Dislocation generation mechanisms in heavily boron-doped diamond epilayers

Doping diamond layers for electronic applications has become straightforward during the last two decades. However, dislocation generation in diamond during the microwave plasma enhanced chemical vapor deposition growth process is still not fully understood. This is a truly relevant topic to avoid for an optimal performance of any device, but, usually, it is not considered when designing diamond structures for electronic devices. The incorporation of a dopant, here boron, into a lattice as close as that of diamond, can promote the appearance of dislocations in the epilayer. The present contribution analyzes the different processes that can take place in this epilayer and gives some rules to avoid the formation of dislocations, based on the comparison of the different dislocation generation mechanisms. Indeed, competitive mechanisms, such as doping atom proximity effect and lattice strain relaxation, are here quantified for heavily boron-doped diamond epilayers.

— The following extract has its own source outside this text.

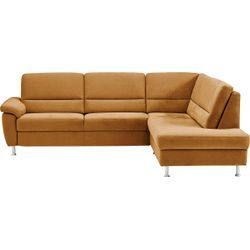 Ecksofa CALIZZA INTERIORS "Onyx L-Form", gelb (mais), B:257cm H:90cm T:196cm, 60% Recycling-Polyester, 40% Polyester, Sofas, Ottomane links oder rechts, wahlweise mit Bettfunktion, Breite 257 cm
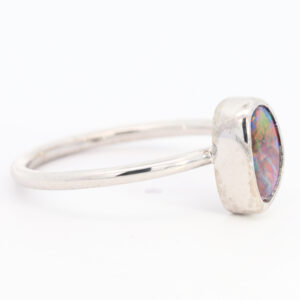 White Gold Red Blue Green Purple Solid Australian Boulder Opal Engagement Ring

The resulting growth condition windows for defect-free heavily doped diamond are here deduced, introducing the diamond parameters and its lattice expansion in several previously published critical thickness (h(c)) and critical doping level relationships for different doping levels and growth conditions. Experimental evidence supports the previously discussed thickness-doping-growth condition relationships. Layers with and without dislocations reveal that not only the thickness but also other key factors such as growth orientation and growth parameters are important, as dislocations are shown to be generated in epilayers with a thickness below the People and Bean critical thickness.

Automated summary

The study focuses on the mechanisms of dislocation formation in diamond layers doped with boron and provides rules to prevent their occurrence. It is found that incorporating boron and other dopants into the diamond lattice may lead to dislocation formation. The growth condition windows for defect-free heavily doped diamond have been deduced, based on the understanding of different dislocation generation mechanisms.